- What the task requires -
Below are records to be repeated exactly. Leave their pictures behind.

- Provided data -
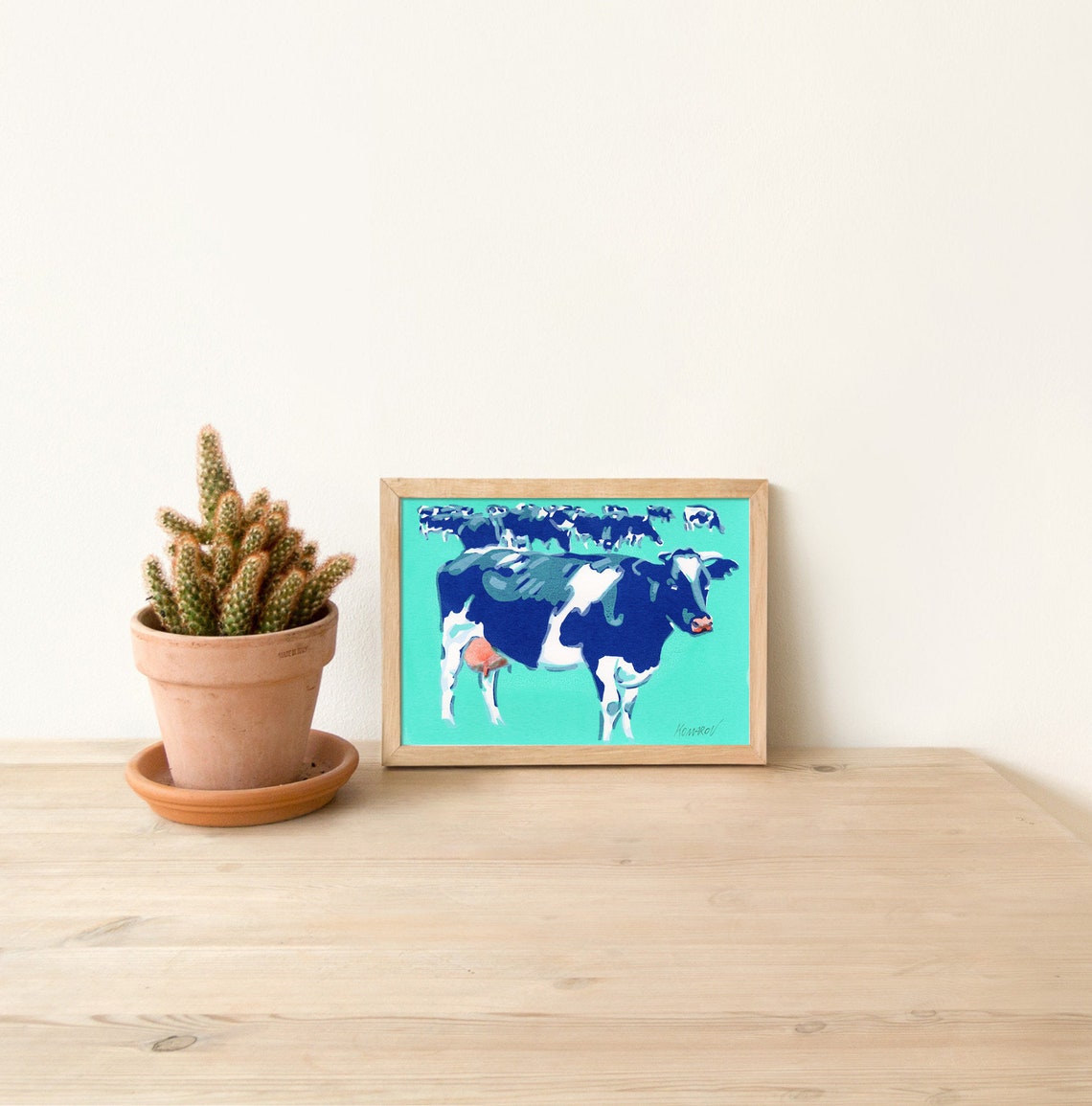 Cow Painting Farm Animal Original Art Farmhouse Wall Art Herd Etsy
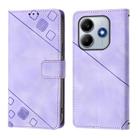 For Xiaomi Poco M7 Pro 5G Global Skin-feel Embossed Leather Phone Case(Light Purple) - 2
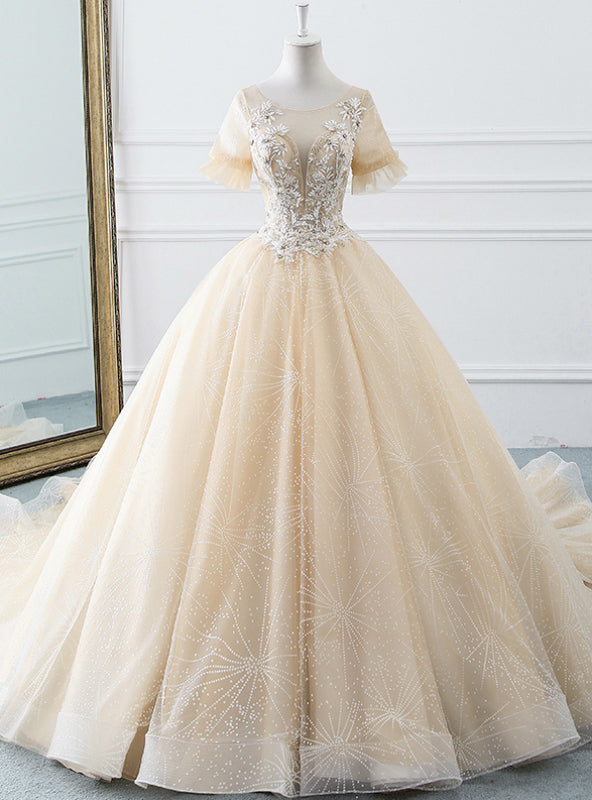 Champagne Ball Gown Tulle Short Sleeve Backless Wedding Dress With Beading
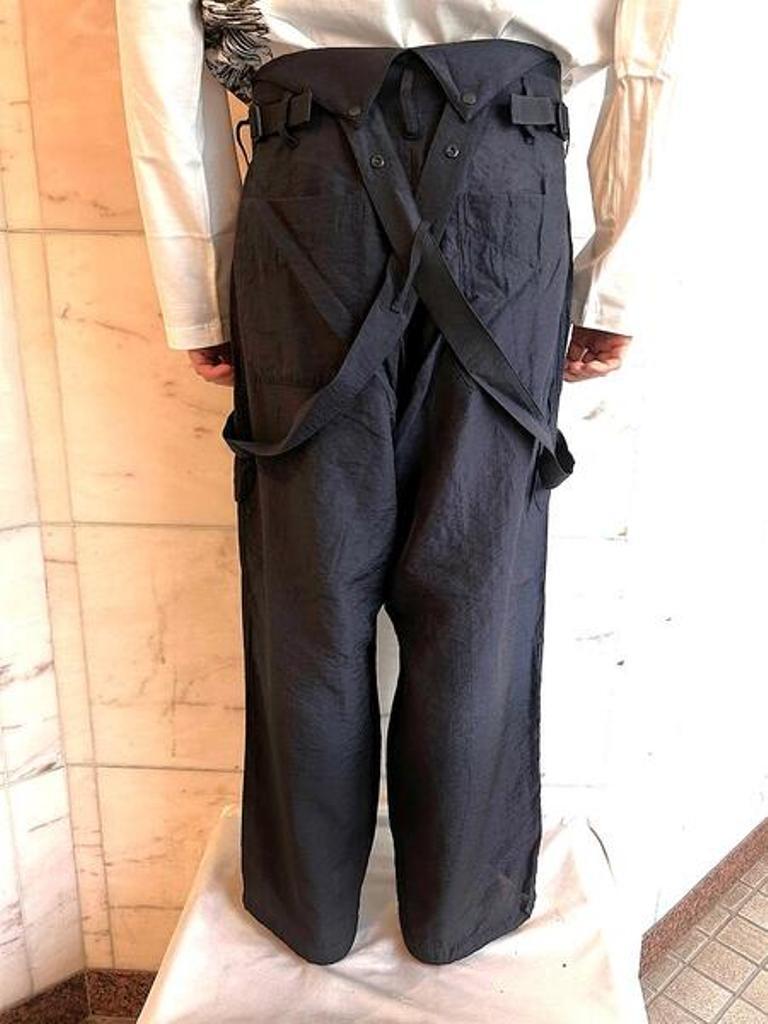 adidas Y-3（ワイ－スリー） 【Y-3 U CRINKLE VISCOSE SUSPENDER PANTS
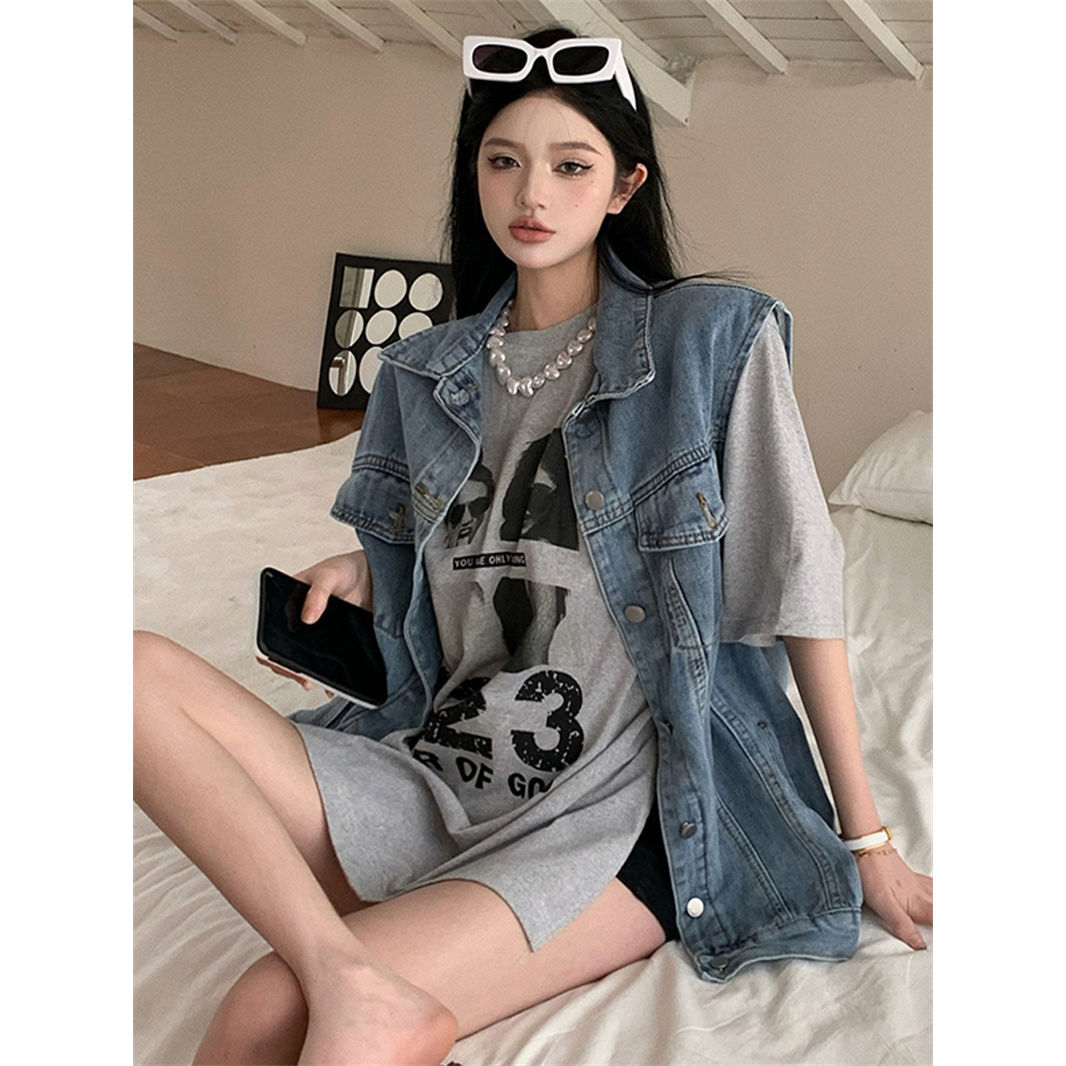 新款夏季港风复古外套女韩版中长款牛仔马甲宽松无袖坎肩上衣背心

- Solution to this problem -
 Cow Painting Farm Animal Original Art Farmhouse Wall Art Herd Etsy
 For Xiaomi Poco M7 Pro 5G Global Skin-feel Embossed Leather Phone Case(Light Purple) - 2
 Champagne Ball Gown Tulle Short Sleeve Backless Wedding Dress With Beading
 adidas Y-3（ワイ－スリー） 【Y-3 U CRINKLE VISCOSE SUSPENDER PANTS
 新款夏季港风复古外套女韩版中长款牛仔马甲宽松无袖坎肩上衣背心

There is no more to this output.